It would be nice to have a low cost HDMI on the RPi. So far, I seldom use the HDMI port - as I run VNC to access the PI from a PC or laptop, or my Android tablet.
But the 4" looks appealing.

It depends on what you want to use the monitor for. I have the 2.8" PiTFT from Adafruit (320x240, resistive touch), and it is nice for my 'Cambridge' camera (Raspberry Pi + PiTFT screen + camera) inside of a Polaroid 95A body, where I'm only running the camera software (the version I'm running from Adafruit is hardcoded for the PiTFT display).
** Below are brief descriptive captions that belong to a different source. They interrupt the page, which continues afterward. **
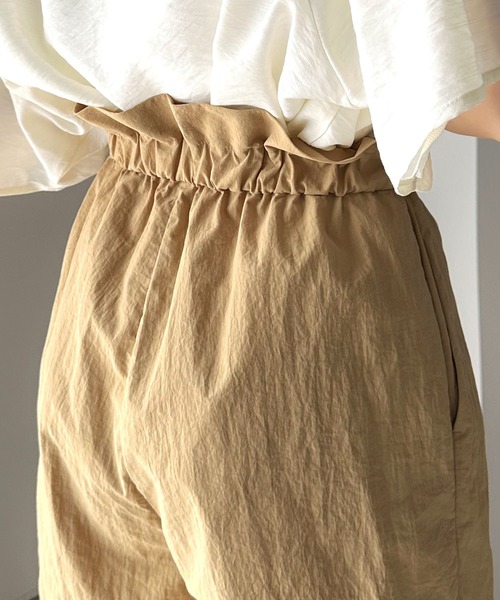 Java（ジャバ）の「《JaVa ジャバコラボ》大人のミニ。バックルベルトショートパンツ（その他パンツ・レディース・ベージュ系その他/モカ/ブラック・LARGE/MEDIUM/SMALL/X-LARGE）」の17枚目の写真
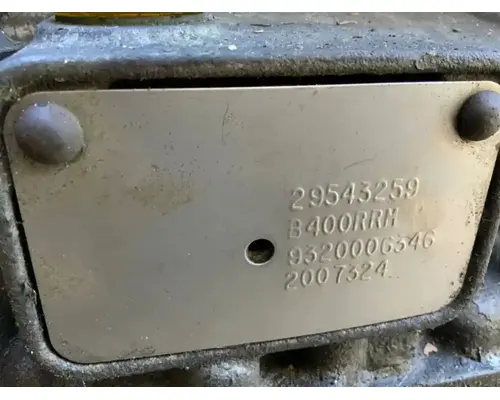 Allison B400R Transmission Assembly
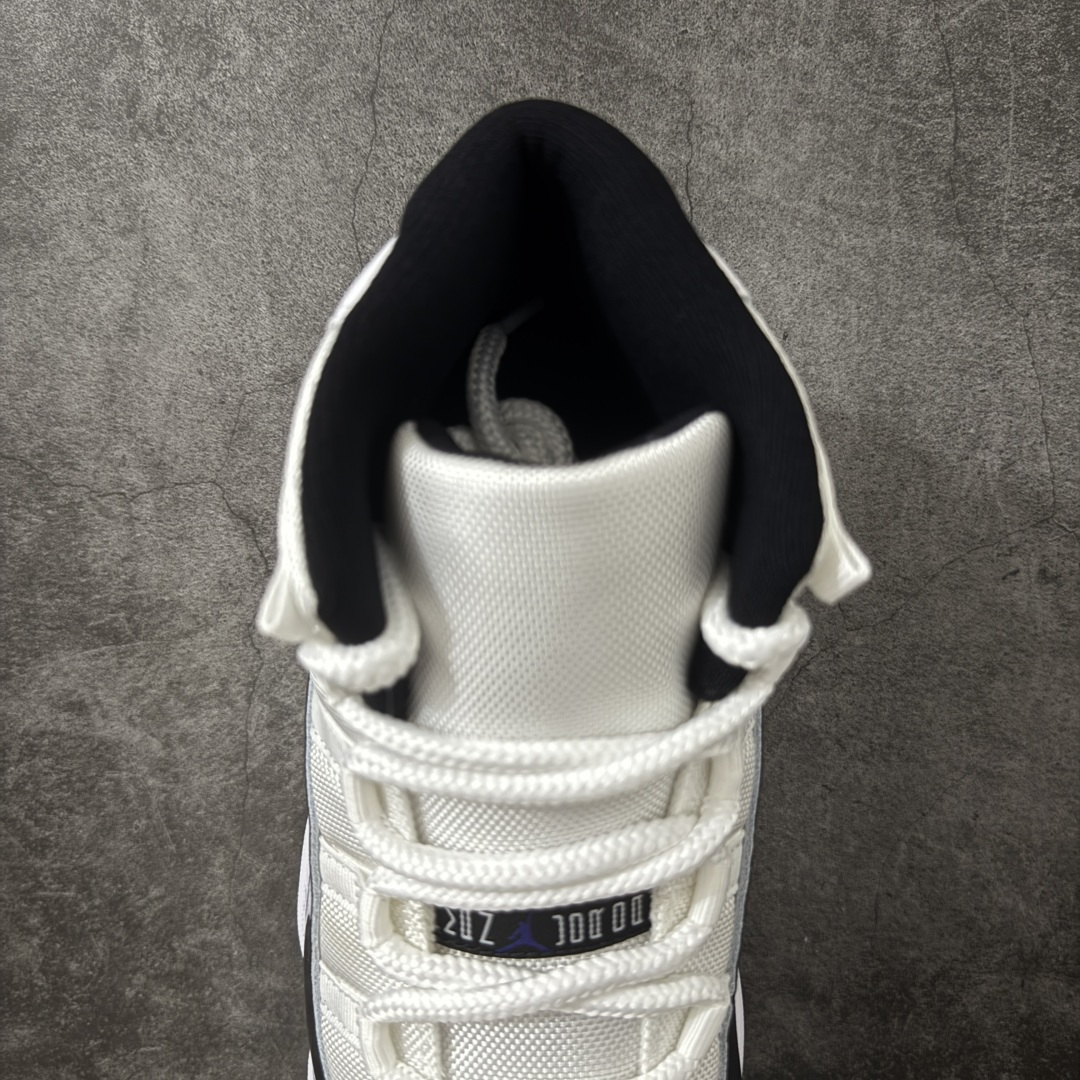 图片[8]-【OV纯原版】 Nike Air Jordan 11 RETRO AJ11 乔11 高帮运动文化篮球鞋 康扣 CT8012-100 大厂出品全新品质 升级原楦原纸版数据开发版型 采用漆皮镀膜牛培革组合耐磨防刮牛津布鞋面材质 搭载原厂碳纤维缓震中底 还原ZP细节 原厂流水成型工艺 厂级拉帮注胶效果 尺码：40-47.5含半码45.5-选品中心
However, it is rather small for text type work. So, I bought the 5" HDMI waveshare monitor (800x480, resistive touch). As I mentioned, Pi-land is undergoing a disruptive change right now, and I had to figure out how to get the touch drivers to work with the new device tree. I figure in a few months, all of the examples will be updated, and people won't have to dig as much. However, in using the 5" monitor, it is better than the PiTFT, but I do have to have the monitor fairly close to see it. More things will work at 800x480 than 320x240, but the wireless configuration menu in in X wants a larger screen and doesn't have a scroll bar. For the Cambridge camera, the 5" screen is about the biggest that will fit in the Polaroid 95A. The 5" monitor uses HDMI for the display and the SPI pins + gpio 24/25 for the touch screen, and it sits on top of the Pi with a special hdmi cable like the PiTFT displays.

I've been thinking of making a tablet for use when I'm traveling and the laptop is just too big. I originally looked at 7" screens for the Pi, but I decided to go instead with a Dragon Touch 8" tablet (1280x800 IPS), which is self contained. I don't have to build a case to contain all of the wires from the normal DIY 7" lcd. I also don't have to deal with 12v power (when you jump from 5" to 7", the monitors tend to want 12v power, since the assumption is the main use is for car backup monitors and child video monitors, and you have convenient 12v power).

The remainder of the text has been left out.